Within social sciences, paradigms are frameworks with differing worldviews springing from theoretical and philosophical assumptions (PANSIRI, 2005). The social science paradigms of 'positivist/functional' and 'interpretative' research methodology have dominated research and form the bases of many other paradigms (PANSIRI, 2005). The positivist paradigm assumes that knowledge is obtained and authenticated by researchers independent of the subject and making direct observations or measurements, forming the basis for the Quantitative Method of research (KRAUSS, 2005) In contrast, the interpretative paradigm is "value-laden," assuming that while reality is external to humans, "humans construct reality, human experience and communication is subjective, human behaviour is creative and voluntary," forming the basis for the Qualitative Method of research (KRAUSS, 2005).

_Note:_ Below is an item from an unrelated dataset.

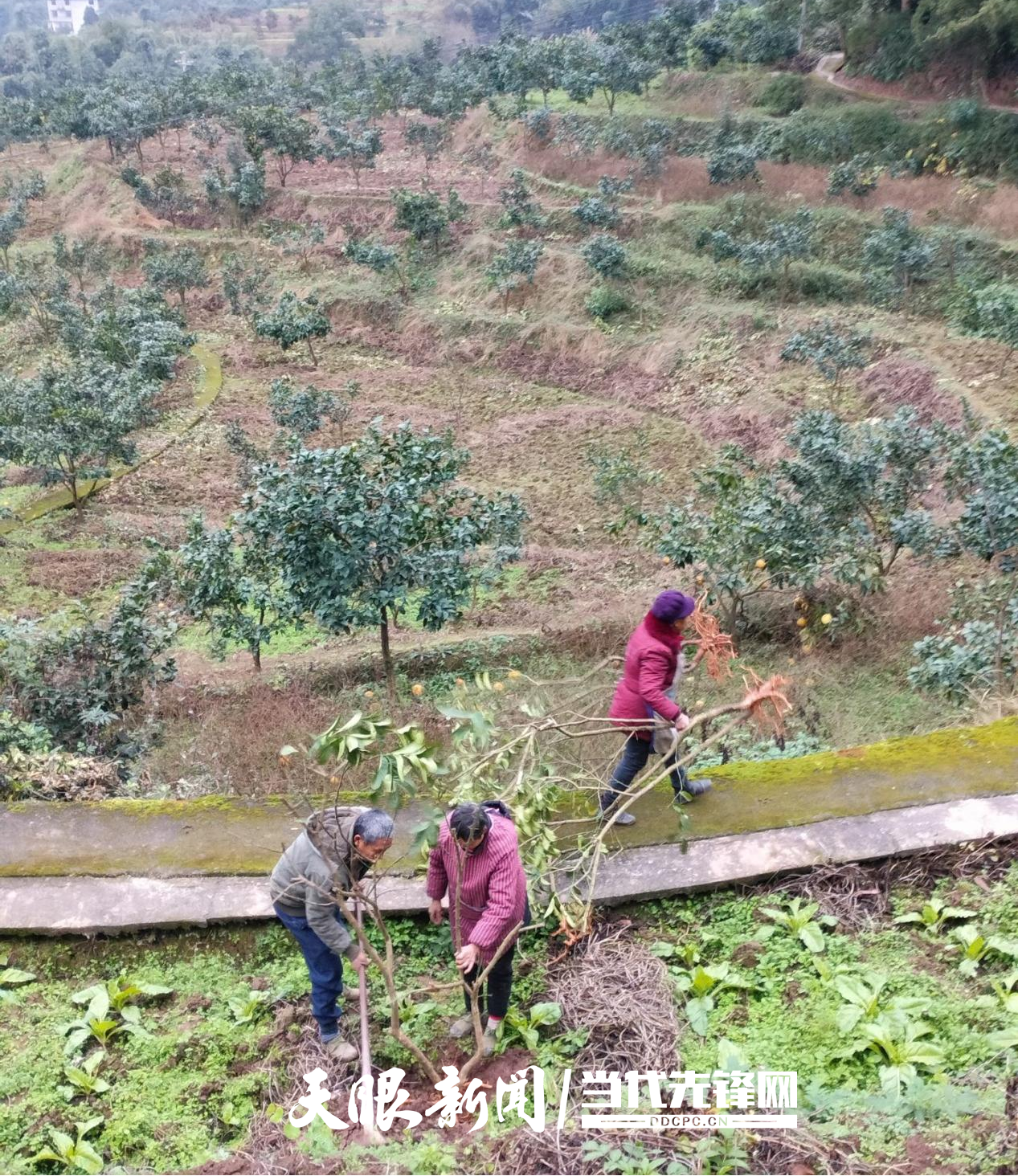 赤水市白云乡:人勤地不闲 套种促增收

The Quantitative Method has historically dominated research (MEHMETOGLU, 2004), including tourism research, and concentrates on collecting data of occurrence frequency (BOWEN, 2002). Historically juxtaposed is the Qualitative Method, which collects "data about activities, events, occurrences and behaviours…to seek an understanding of actions, problems and processes in their social context" As such, it "does not produce quantified findings" (PHILLIMORE & GOODSON, 2004); rather it is concerned with "the meaning of phenomena" (BOWEN, 2002). Though Quantitative historically dominated research, the Qualitative method as enjoyed increasing favor by researchers in such tourism research areas as education, efficiency, package tours, attitudinal training, classification, competitive advantages, the environment, hallmark events, theme parks, services and transportation (JAFARI, 2000).

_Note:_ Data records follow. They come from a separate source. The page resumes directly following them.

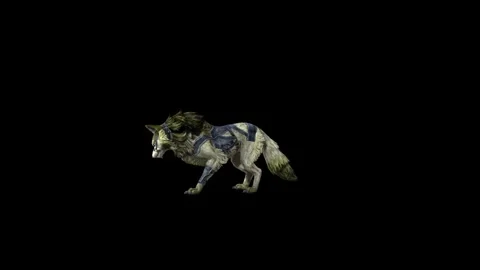 Zombie Wolf KT idle ear scratching  black background animation 3D renderin Stock Footage 296228268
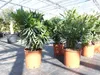 Oleander  80 - 100 cm Busch Nerium Krone Ø60 cm Produktbild-Vorschau 7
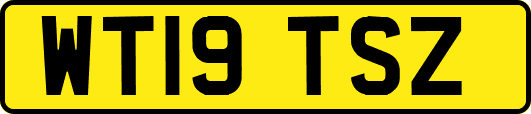 WT19TSZ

Furthermore, as tourism research has broadened and deepened, researchers have acknowledged that the Quantitative and Qualitative Methods complement each other. Three additional developments from this realization are hybridization, triangulation and a conscious link between Qualitative and Quantitative research (FLICK, 2006). The Hybrid Method now explored by researchers uses both Qualitative and Quantitative research (GIVEN, 2008); Triangulation focuses on many evidentiary sources to identify, study and explain real cases in tourism (WILLIAMS & SPENCER, 2010), the idea being that "Measurement problems can be avoided by making a number of measurements and observations, and using several research techniques" (UNIVERSITY OF NOTTINGHAM, 2007) and the method is considered stronger because independent data supports or at least does not disapprove the researchers' findings.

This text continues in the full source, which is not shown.